Both Ross’ and Levin’s offices said they were unavailable for comment. Nicholas, reached while on a skiing vacation in Colorado with his family, also declined to comment.

In a statement released by the company, Nicholas was quoted as saying there was ″sufficient difference″ between him and the company’s board and management that ″my resignation should now enable a single and consistent view to prevail.″ He didn’t elaborate on the differences.

Time Warner board member Henry Luce III said the board asked for Nicholas’ resignation on the request of Ross and Levin. Luce said the two men cited as the top reason for their recommendation the $1 billion sale of a 12 percent stake in its entertainment division to Japan’s Toshiba Corp. and C. Itoh & Co.

Luce said Nicholas preferred a different strategic policy to reduce Time Warner’s multibillion dollar debt, favoring asset sales rather than selling a minority participation in some of the company’s businesses.

Robert Bontempo, who teaches management at the Columbia Business School in New York, said Ross and Nicholas were destined to fight for power.

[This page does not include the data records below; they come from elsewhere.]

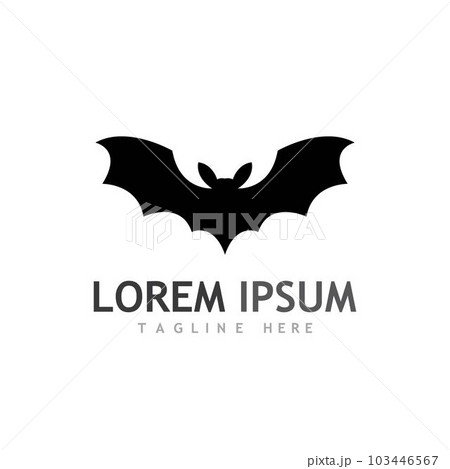bat vector icon logo template 103446567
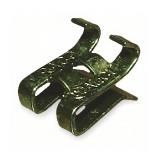 (7)NIP Raco Grounding Clip: Steel, Green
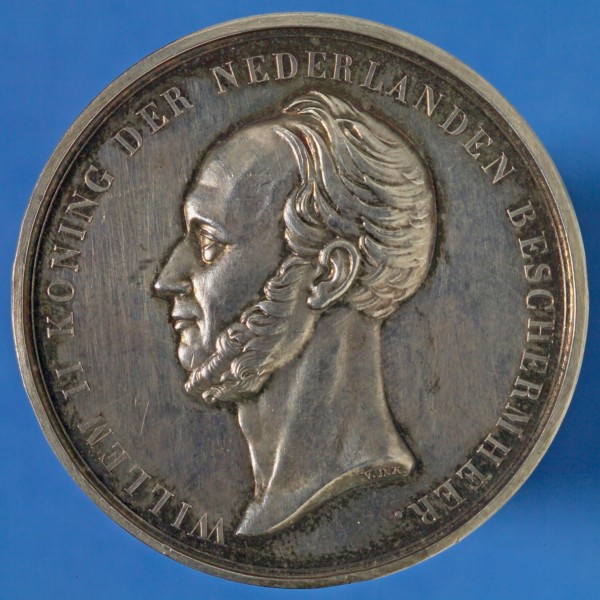 David van der Kellen, Price medal in honor of King William II as patron of the Royal Dutch Yacht Club, price medal penning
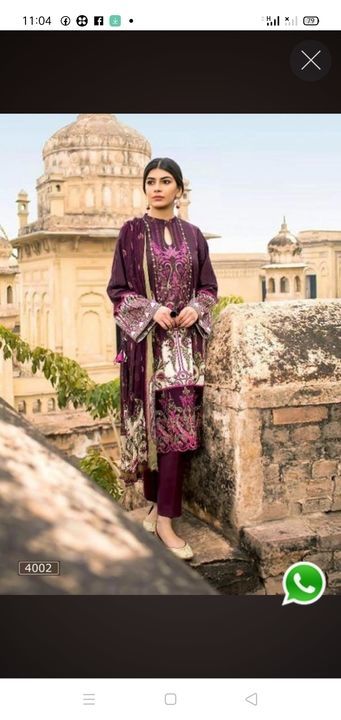 Pakistani suit uploaded by Aleena fashion house on 5/31/2021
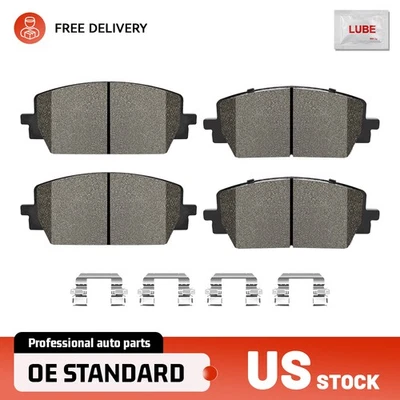 Front Ceramic Disc Brake Pads for Hyundai Santa Fe Santa Cruz Sorento 2021-2023 - Image 1 of 4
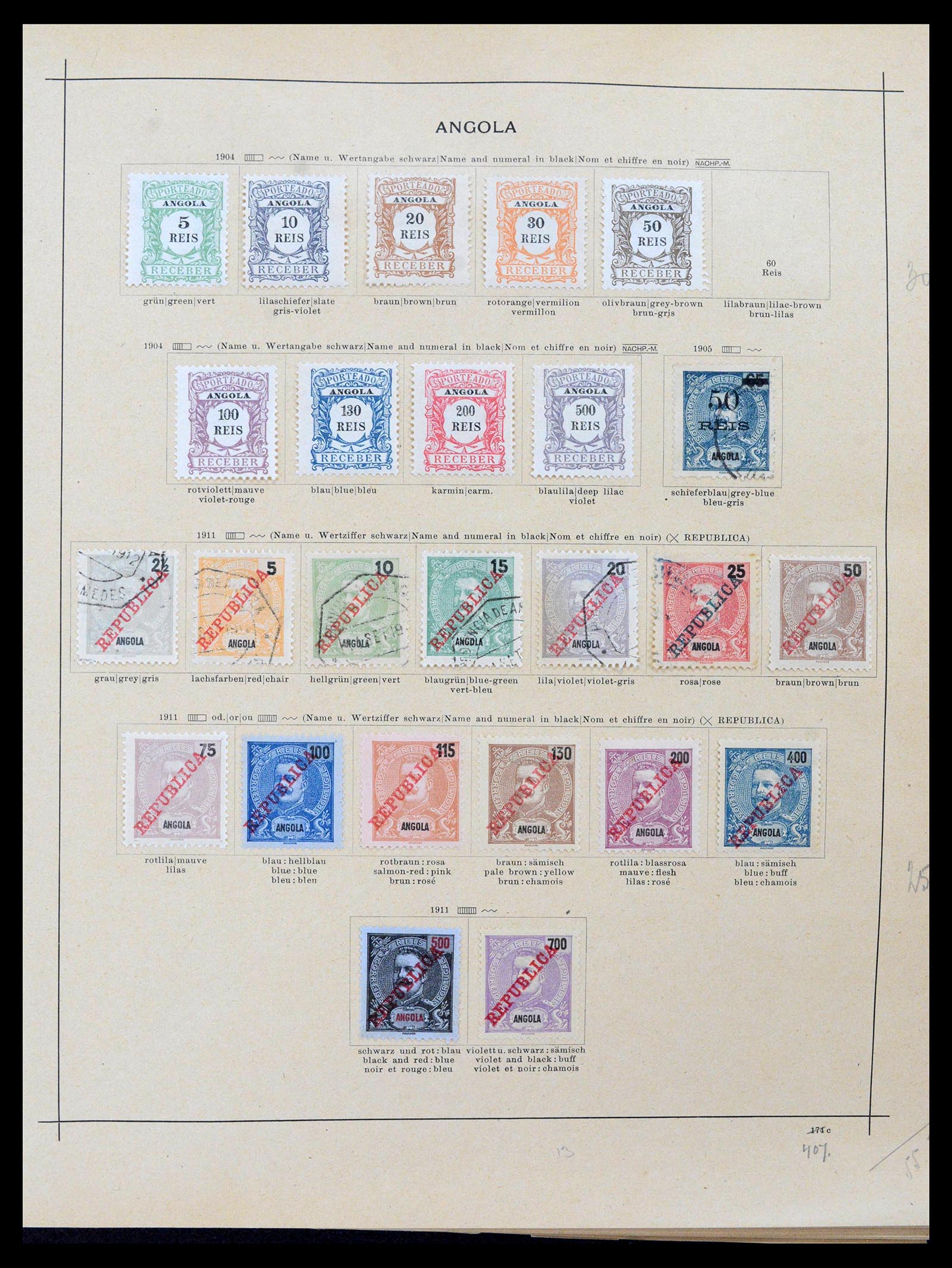 39438 0004 - Stamp collection 39438 Portuguese collonies 1870-1939.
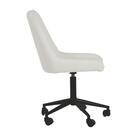 Laura työtuoli teddy valkoinen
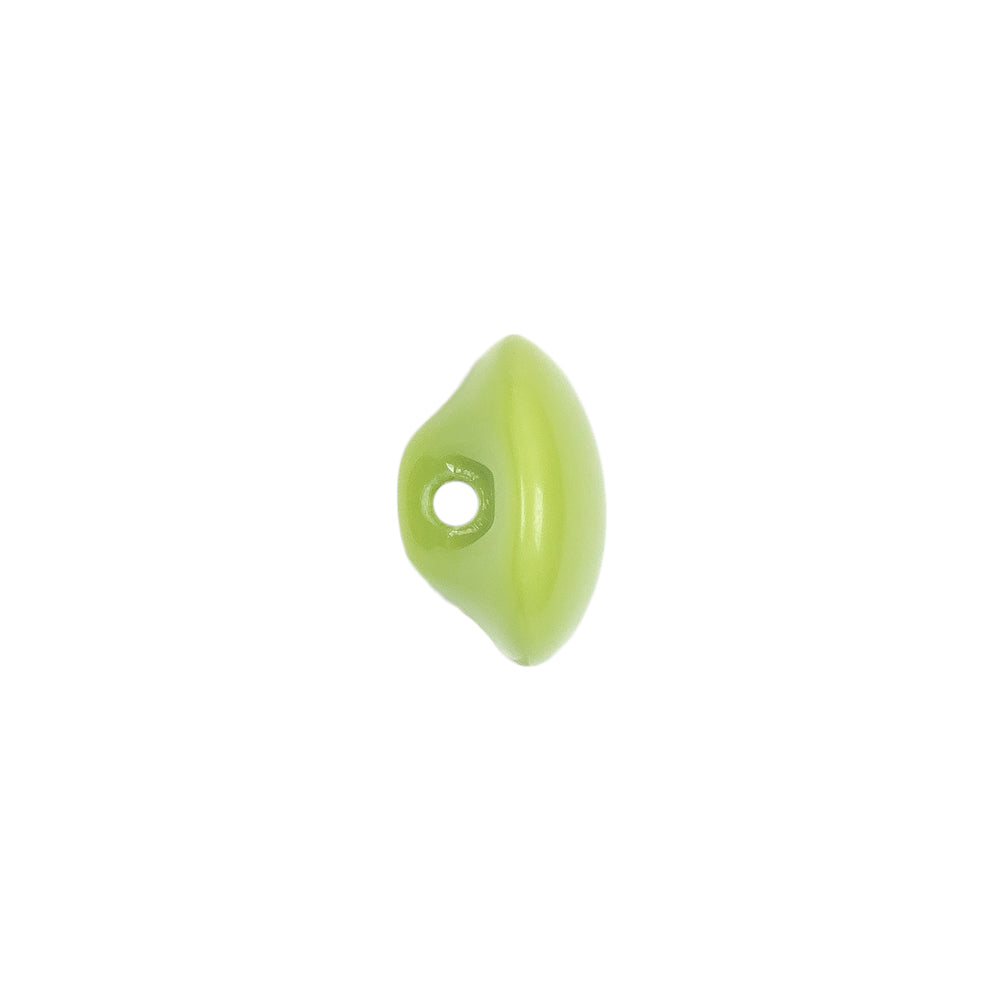 European Green Self Back Glass Button - 20L/12.5mm Detail European Green Self Back Glass Button - 20L/12.5mm Detail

″These kinds of co-executive share arrangements are inherently unstable. It sounds nice on paper but it doesn’t work in practice,″ he said.

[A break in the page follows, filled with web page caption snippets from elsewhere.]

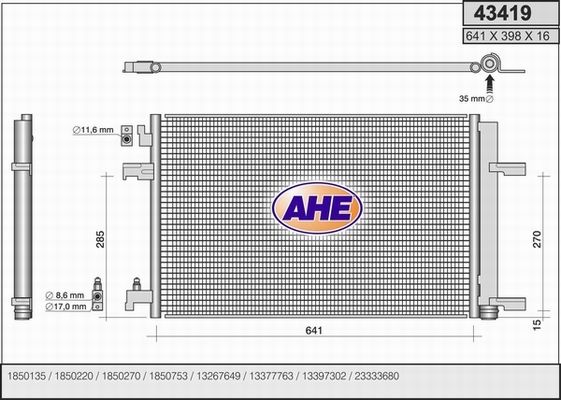 AHE Kondensaator,kliimaseade 43419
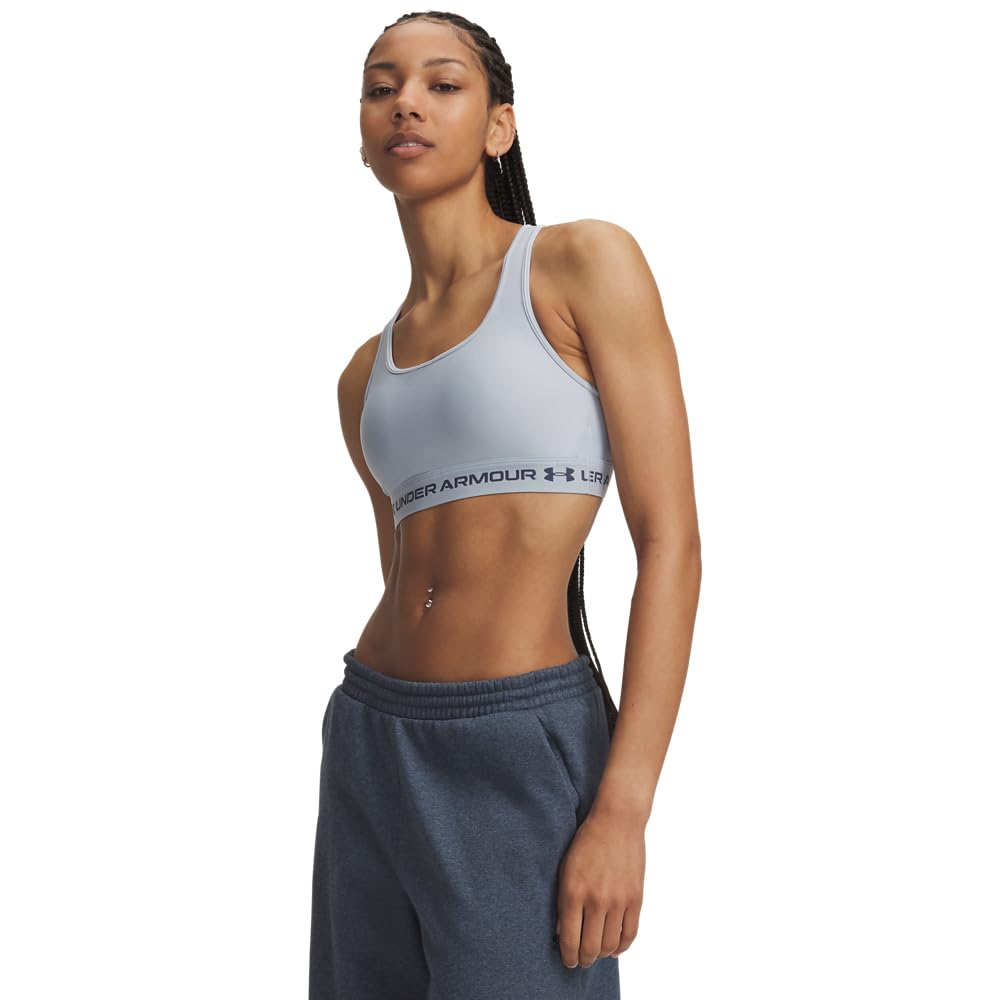Under Armour Women's Crossback Mid Impact Sports Bra
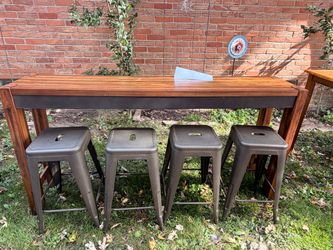 Console table and stools
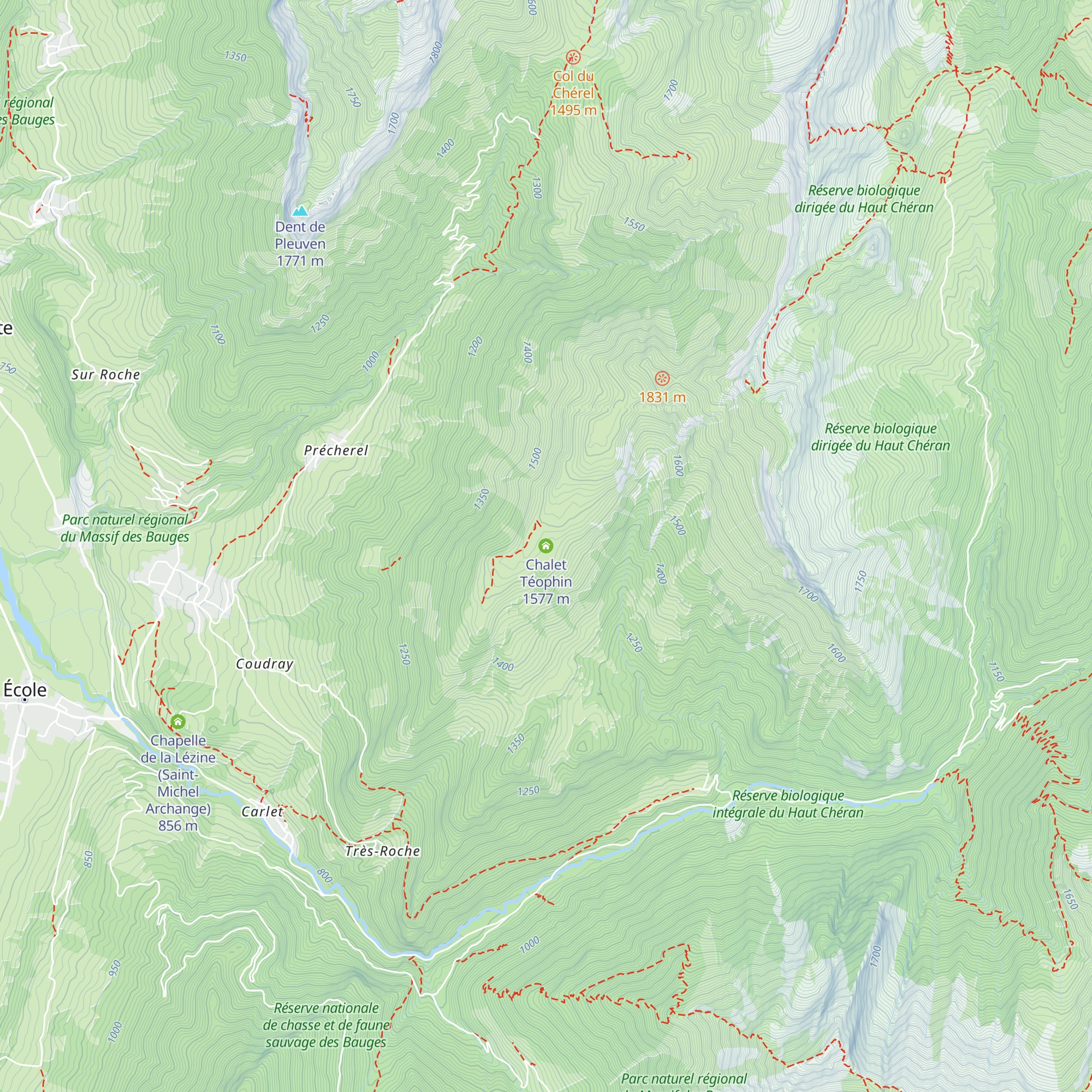 Chalet Téophin map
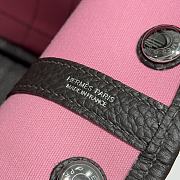 Okify Hermes Garden Party Bag In Black And Red 30cm - 2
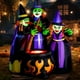 thumbnail image 1 of Joiedomi Inflables de Halloween de 6 pies de alto, tres brujas alrededor del caldero con luz de llama, decoración inflable para patio, inflables con LED incorporados para fiestas de Halloween, decorac, 1 of 5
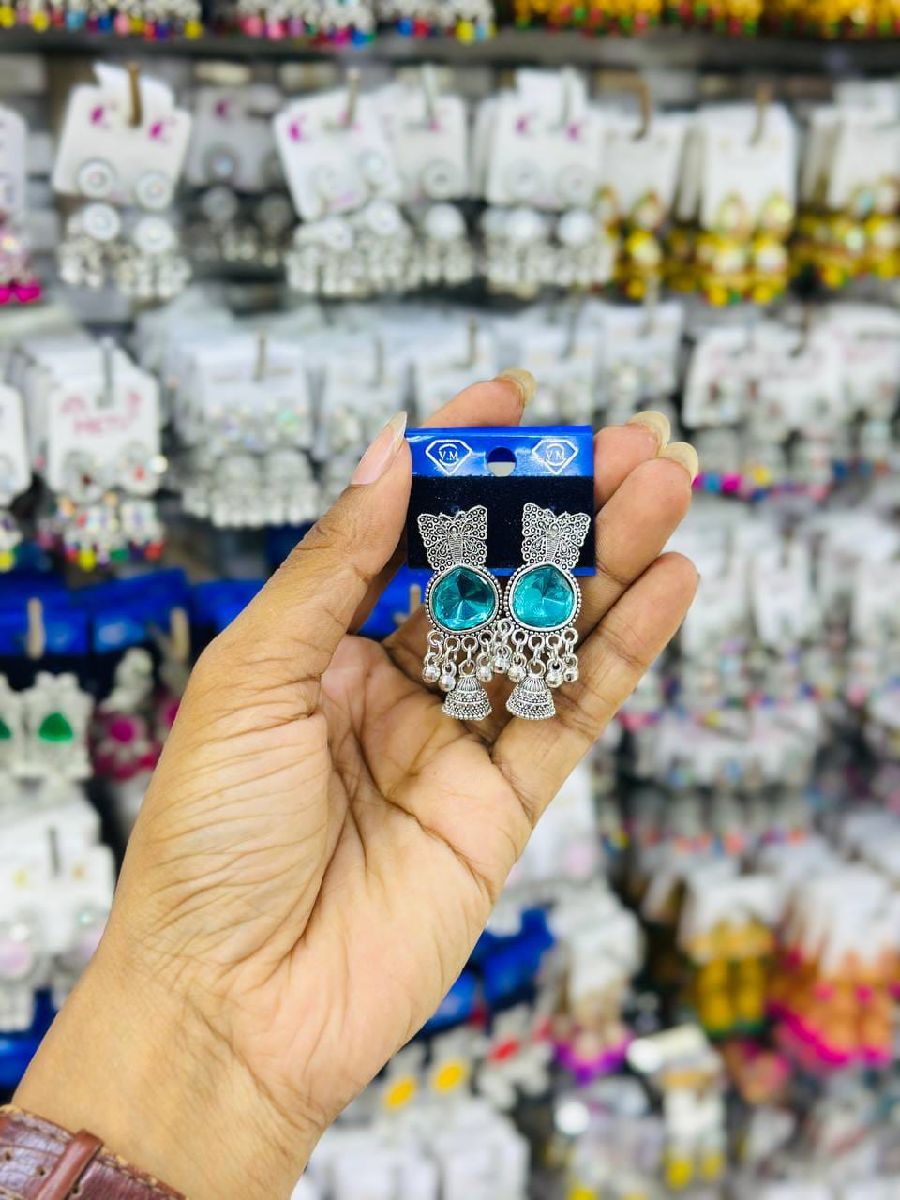 Oxidize Firoza Jhumka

The reported disputes also are seen as evidence of the culture clash between Time’s button-down approach and the free-wheeling style at Warner.

Former Time executives are said to resent the enormous sums their counterparts at Warner received as a result of Time’s 1989 purchase of a majority interest in Warner as a prelude to the merger of the companies.

Ross himself received about $78 million in compensation in 1990, most of it stemming from his stock holdings, making him one of the world’s wealthiest executives.

On Wall Street, investors reacted positively to the change. Time Warner stock rose $1.87 1/2 a share to $99.75 in trading on the New York Stock Exchange.